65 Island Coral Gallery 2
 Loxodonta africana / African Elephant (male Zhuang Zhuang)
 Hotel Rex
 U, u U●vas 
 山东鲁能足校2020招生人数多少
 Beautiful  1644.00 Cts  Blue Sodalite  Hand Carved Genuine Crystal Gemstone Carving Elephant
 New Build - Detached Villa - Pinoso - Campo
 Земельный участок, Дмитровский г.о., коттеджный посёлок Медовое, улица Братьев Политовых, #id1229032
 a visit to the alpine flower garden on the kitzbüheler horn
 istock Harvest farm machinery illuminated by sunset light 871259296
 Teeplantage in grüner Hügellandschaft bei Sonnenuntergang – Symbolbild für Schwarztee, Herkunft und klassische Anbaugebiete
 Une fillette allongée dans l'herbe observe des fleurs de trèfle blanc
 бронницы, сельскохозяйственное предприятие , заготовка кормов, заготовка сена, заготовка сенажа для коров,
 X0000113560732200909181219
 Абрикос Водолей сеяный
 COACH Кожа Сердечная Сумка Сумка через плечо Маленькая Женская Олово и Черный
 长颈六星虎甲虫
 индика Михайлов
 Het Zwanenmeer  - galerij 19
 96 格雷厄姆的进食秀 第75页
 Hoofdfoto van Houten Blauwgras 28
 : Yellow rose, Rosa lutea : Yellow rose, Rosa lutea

________________

### Task prompt
I need every line of the material that includes "Elephant", so please copy them out.

### Output of the exercise
 Loxodonta africana / African Elephant (male Zhuang Zhuang)
 Beautiful  1644.00 Cts  Blue Sodalite  Hand Carved Genuine Crystal Gemstone Carving Elephant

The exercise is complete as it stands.